13th President of Colgate University
- In office 1988–1999
- Preceded by: George D. Langdon Jr.
- Succeeded by: Charles Karelis

Personal details
- Born: December 10, 1935
- Died: October 6, 2024 (aged 88)
- Spouse: Miriam Grabois
- Children: 2
- Education: Swarthmore College (BA) University of Pennsylvania (MA, PhD)

= Neil Grabois =

American mathematician (1935–2024)

Neil R. Grabois (December 11, 1935 – October 6, 2024) was an American mathematician and university administrator. He held positions as the dean, provost, and chair of the department of mathematical sciences of Williams College; as the thirteenth President of Colgate University, from 1988 to 1999; as Vice President at the Carnegie Corporation in New York; and as the dean of the Milano School of International Affairs, Management, and Urban Policy at The New School, where he served from 2010 until his departure in 2013.

== Life and career ==
Grabois received his doctorate and master's degree from the University of Pennsylvania after attending Swarthmore College. He graduated from Stuyvesant High School in 1953.

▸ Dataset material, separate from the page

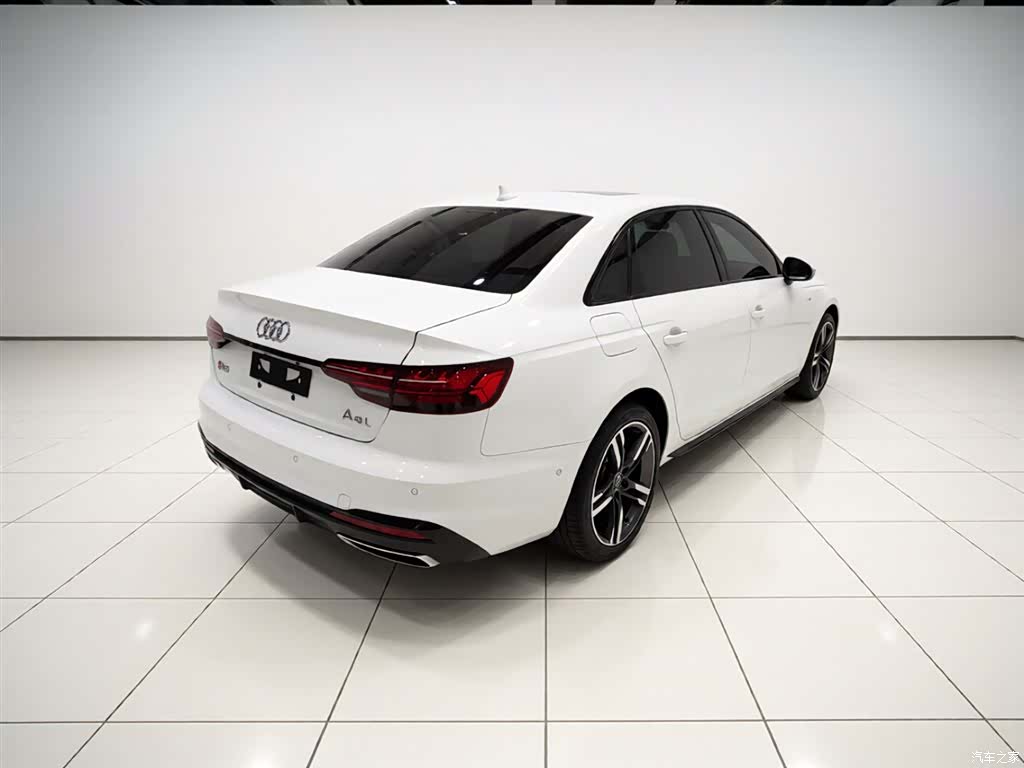 Audi A4L, 2022 все фото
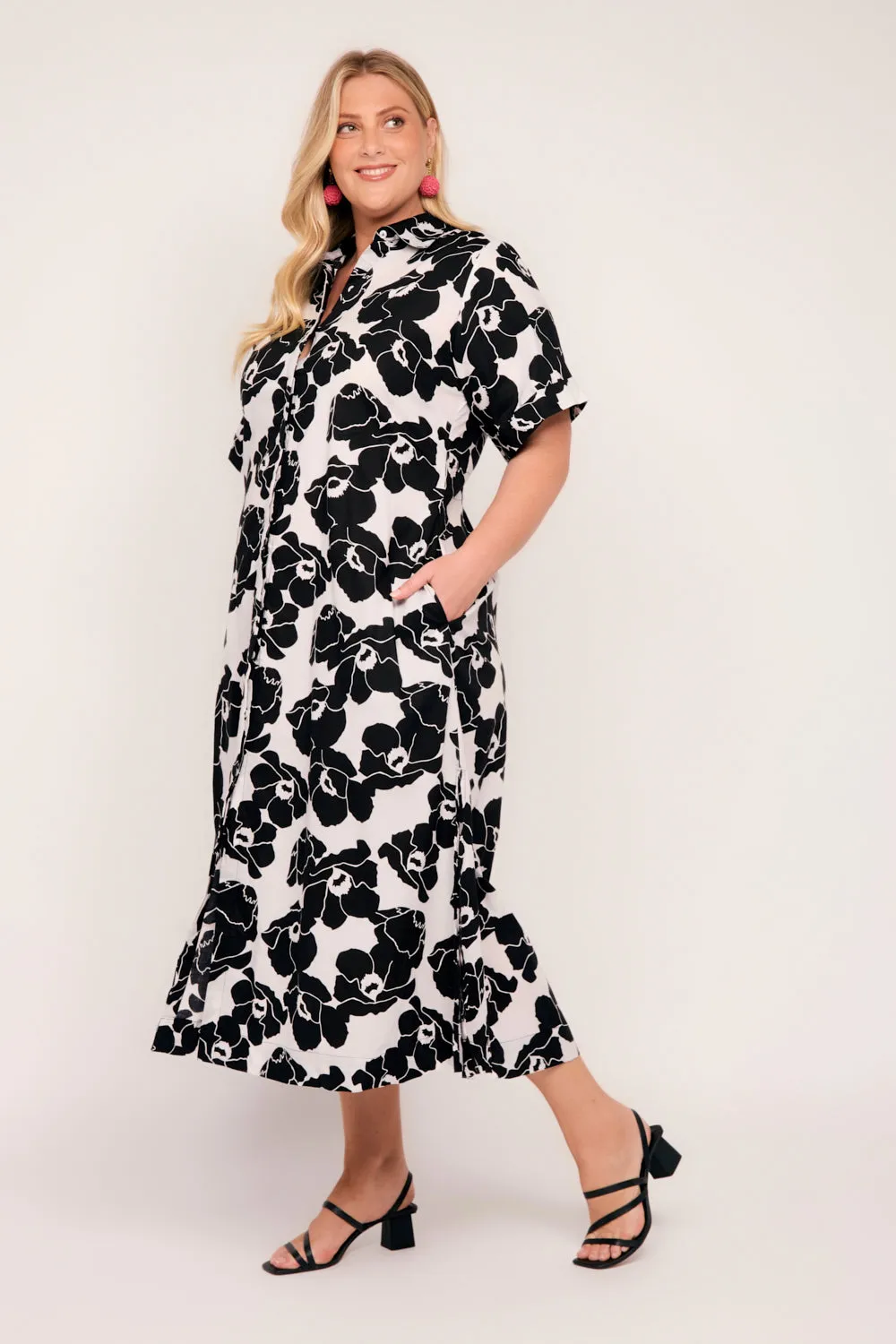 Gracie Shirt Dress in Carnival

Grabois sat on the boards of Project Pericles, Swarthmore College, The Jewish Foundation for the Education of Women and the Michael Wolk Heart Foundation. He was an adjunct faculty member of Teachers College at Columbia University.

Grabois and his wife Miriam had two children and one grandchild. He died in his sleep on October 6, 2024, at the age of 88.